Mega Ampere Spherical Tokamak


Mega Ampere Spherical Tokamak

Coordinates: 51°39′33″N 1°13′50″W / 51.65917°N 1.23056°W / 51.65917; -1.23056

Plasma in the MAST reactor. Note the almost circular outer profile of the plasma. The extensions off the top and bottom are plasma flowing to the ring diverters, a key feature of modern tokamak designs.

The Mega Ampere Spherical Tokamak, or MAST experiment is a nuclear fusion experiment in operation at Culham, Oxfordshire, England since December 1999. It follows the highly successful START experiment (1991 - 1998). MAST uses the same innovative spherical tokamak design as START, which has shown itself to be more efficient than the conventional toroidal design, adopted by JET and ITER. START proved to exceed even the most optimistic predictions and the purpose of MAST is to confirm the results of its forerunner by using a larger more purpose-built experiment.

It was fully commissioned by EURATOM/UKAEA and took two years to design and a further two years to construct. It includes a neutral beam injector similar to that used on START and uses the same merging compression technique instead of the conventional direct induction.

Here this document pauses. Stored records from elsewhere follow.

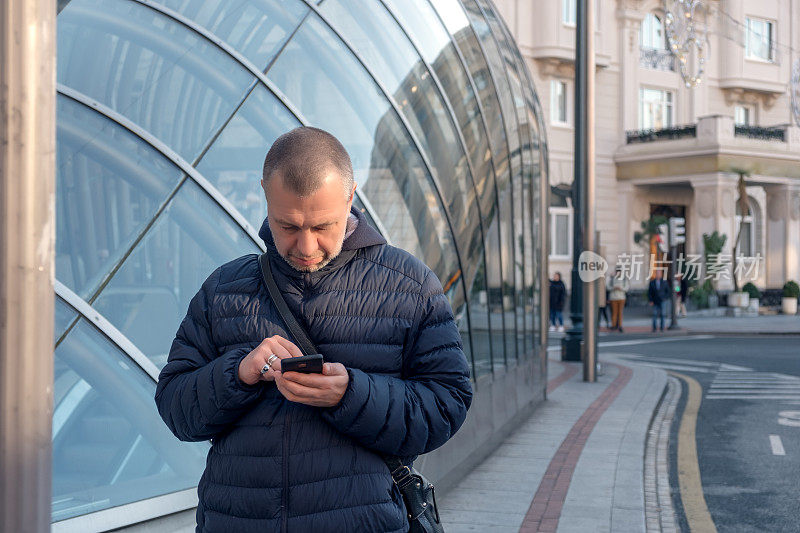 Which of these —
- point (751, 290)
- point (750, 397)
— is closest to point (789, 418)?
point (750, 397)

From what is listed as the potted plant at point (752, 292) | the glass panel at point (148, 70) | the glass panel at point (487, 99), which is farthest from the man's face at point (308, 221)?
the potted plant at point (752, 292)

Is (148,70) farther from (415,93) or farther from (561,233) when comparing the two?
(561,233)

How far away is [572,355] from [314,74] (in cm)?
1272

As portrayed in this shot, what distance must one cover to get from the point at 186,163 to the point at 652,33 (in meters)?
38.0

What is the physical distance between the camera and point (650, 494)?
7258mm

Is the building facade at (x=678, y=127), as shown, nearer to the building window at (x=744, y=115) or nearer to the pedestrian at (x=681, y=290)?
the building window at (x=744, y=115)

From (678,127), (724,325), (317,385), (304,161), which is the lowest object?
(724,325)

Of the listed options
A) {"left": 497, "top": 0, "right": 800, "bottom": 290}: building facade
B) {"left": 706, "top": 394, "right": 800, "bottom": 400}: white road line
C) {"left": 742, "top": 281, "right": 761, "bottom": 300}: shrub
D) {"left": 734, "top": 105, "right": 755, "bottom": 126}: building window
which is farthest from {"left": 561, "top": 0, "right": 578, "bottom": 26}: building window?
{"left": 706, "top": 394, "right": 800, "bottom": 400}: white road line

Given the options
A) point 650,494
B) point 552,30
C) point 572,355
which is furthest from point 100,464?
point 552,30

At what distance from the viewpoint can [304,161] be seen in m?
2.24

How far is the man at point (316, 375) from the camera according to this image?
2234 mm

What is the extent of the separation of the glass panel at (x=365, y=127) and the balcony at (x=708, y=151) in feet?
98.7

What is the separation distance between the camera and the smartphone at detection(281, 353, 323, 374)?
2.09 metres

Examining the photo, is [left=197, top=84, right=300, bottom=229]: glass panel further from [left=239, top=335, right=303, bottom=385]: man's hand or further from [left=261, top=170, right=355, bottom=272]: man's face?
[left=239, top=335, right=303, bottom=385]: man's hand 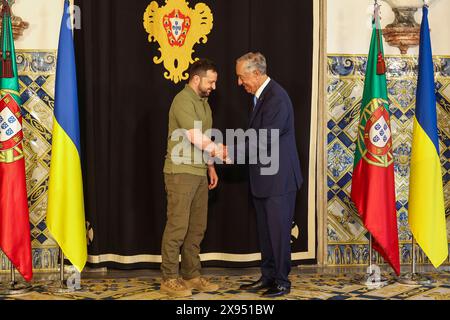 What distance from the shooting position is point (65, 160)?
4.32 m

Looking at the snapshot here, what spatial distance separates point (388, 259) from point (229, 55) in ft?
6.56

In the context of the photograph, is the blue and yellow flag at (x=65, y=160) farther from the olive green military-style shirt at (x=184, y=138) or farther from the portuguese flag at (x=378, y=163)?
the portuguese flag at (x=378, y=163)

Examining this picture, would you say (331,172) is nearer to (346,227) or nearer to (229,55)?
(346,227)

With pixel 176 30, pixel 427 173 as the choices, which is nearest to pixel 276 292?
pixel 427 173

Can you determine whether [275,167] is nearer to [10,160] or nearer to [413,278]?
[413,278]

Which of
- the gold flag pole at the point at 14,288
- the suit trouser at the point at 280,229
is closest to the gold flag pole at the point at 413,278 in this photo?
A: the suit trouser at the point at 280,229

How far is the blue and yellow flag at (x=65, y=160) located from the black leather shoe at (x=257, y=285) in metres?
1.22

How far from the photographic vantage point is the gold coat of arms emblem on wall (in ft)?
15.9

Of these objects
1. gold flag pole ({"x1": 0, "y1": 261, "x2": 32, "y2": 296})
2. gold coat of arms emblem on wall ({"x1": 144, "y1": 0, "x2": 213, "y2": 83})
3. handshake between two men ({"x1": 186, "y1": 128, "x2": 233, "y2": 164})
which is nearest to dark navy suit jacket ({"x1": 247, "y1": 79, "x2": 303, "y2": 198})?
handshake between two men ({"x1": 186, "y1": 128, "x2": 233, "y2": 164})

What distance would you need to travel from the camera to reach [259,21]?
4957mm

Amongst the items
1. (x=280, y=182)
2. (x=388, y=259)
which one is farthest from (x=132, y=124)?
(x=388, y=259)

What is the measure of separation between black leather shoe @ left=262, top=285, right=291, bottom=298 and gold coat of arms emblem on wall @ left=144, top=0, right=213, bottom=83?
1.80 m

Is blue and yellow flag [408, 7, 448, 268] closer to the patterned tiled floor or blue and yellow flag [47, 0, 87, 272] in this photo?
the patterned tiled floor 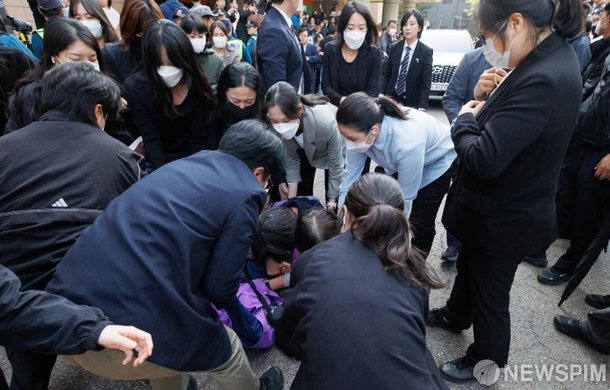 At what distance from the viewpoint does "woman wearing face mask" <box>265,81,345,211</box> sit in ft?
7.45

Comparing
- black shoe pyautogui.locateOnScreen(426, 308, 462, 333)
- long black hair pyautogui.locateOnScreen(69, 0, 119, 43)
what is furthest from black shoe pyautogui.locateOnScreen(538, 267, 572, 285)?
long black hair pyautogui.locateOnScreen(69, 0, 119, 43)

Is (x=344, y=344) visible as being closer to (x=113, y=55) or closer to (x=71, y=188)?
(x=71, y=188)

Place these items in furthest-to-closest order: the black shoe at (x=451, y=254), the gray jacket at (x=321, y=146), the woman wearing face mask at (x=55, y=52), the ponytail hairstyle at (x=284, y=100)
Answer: the black shoe at (x=451, y=254), the gray jacket at (x=321, y=146), the ponytail hairstyle at (x=284, y=100), the woman wearing face mask at (x=55, y=52)

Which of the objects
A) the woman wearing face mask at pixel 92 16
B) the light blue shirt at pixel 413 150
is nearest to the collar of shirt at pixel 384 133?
the light blue shirt at pixel 413 150

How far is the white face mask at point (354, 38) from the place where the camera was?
314cm

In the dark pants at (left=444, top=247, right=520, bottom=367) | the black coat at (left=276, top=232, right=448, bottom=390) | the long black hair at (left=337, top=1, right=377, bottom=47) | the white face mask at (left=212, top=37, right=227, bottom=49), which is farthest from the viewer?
the white face mask at (left=212, top=37, right=227, bottom=49)

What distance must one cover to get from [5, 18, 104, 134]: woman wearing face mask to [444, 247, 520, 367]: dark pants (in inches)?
85.9

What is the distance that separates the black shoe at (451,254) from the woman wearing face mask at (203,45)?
2.23 meters

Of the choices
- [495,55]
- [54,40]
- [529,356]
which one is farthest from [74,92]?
[529,356]

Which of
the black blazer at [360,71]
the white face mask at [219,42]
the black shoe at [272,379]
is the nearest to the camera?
the black shoe at [272,379]

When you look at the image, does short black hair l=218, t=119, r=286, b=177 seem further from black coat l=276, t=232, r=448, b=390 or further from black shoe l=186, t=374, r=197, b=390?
black shoe l=186, t=374, r=197, b=390

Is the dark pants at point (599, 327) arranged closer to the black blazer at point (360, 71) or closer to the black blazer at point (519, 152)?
the black blazer at point (519, 152)

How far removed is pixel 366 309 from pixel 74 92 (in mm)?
1322

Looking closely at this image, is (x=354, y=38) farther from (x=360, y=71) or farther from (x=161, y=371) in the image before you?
(x=161, y=371) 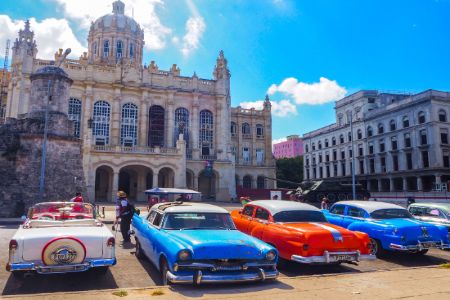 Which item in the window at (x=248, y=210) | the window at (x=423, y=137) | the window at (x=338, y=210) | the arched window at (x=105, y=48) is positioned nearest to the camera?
the window at (x=248, y=210)

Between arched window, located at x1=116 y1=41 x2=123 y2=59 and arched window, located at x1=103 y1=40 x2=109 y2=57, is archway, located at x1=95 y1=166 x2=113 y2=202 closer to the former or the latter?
arched window, located at x1=116 y1=41 x2=123 y2=59

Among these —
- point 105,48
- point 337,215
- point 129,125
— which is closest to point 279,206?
point 337,215

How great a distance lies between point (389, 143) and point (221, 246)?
47.8 metres

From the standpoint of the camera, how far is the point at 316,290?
18.8ft

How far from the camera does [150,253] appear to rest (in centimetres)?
720

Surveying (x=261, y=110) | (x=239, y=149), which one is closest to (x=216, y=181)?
(x=239, y=149)

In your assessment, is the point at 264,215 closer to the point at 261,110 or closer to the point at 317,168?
the point at 261,110

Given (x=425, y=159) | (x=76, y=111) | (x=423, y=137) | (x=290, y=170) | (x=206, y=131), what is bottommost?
(x=425, y=159)

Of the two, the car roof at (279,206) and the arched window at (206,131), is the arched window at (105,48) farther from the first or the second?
the car roof at (279,206)

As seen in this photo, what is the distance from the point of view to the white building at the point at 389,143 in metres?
41.5

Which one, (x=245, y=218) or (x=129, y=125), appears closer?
(x=245, y=218)

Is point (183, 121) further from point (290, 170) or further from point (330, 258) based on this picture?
point (330, 258)

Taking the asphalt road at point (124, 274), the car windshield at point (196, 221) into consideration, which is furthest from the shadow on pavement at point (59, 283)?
the car windshield at point (196, 221)

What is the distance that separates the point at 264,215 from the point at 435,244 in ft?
14.6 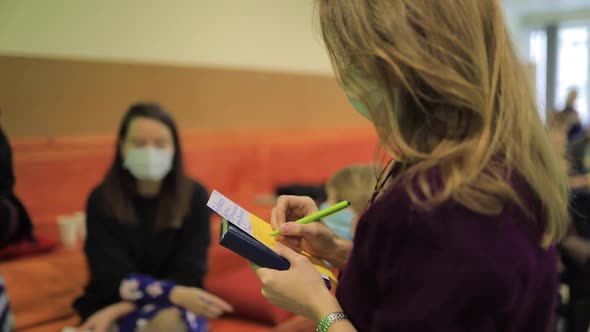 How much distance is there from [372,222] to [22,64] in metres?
1.62

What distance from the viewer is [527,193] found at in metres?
0.69

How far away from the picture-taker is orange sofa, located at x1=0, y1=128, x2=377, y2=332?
180 cm

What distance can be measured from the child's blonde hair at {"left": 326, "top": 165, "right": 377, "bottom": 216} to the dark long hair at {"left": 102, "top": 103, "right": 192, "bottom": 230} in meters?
0.52

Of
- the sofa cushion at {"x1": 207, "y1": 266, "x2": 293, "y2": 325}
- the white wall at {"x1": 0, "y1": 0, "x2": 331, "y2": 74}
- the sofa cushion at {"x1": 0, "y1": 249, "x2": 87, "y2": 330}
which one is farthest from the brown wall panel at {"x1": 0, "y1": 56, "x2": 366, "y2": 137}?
the sofa cushion at {"x1": 207, "y1": 266, "x2": 293, "y2": 325}

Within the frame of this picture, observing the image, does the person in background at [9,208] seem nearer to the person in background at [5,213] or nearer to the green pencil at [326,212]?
the person in background at [5,213]

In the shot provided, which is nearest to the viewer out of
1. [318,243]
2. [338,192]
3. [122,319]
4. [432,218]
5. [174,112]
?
[432,218]

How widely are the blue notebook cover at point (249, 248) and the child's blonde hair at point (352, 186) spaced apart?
3.33 feet

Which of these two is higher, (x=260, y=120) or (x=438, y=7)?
(x=438, y=7)

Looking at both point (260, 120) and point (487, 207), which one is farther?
point (260, 120)

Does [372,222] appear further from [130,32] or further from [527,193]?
[130,32]

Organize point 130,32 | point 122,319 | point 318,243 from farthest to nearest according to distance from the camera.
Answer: point 130,32
point 122,319
point 318,243

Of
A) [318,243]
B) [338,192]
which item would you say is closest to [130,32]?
[338,192]

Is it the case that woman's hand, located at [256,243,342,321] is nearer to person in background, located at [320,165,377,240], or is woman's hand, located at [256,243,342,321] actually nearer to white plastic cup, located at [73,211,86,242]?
person in background, located at [320,165,377,240]

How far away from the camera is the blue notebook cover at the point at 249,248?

Merging compression provides a valuable saving of central solenoid flux, which can then be used to further ramp up the plasma current and/or maintain the required current flat-top.

The device is presently planning a major upgrade to significantly enhance its capabilities to address its primary objectives (listed below).

Objective of MAST

  • Studies in a new regime, to provide improved understanding of tokamaks, and improved ITER design (e.g. effects of plasma shaping).
  • To investigate the potential of the spherical tokamak route to fusion power.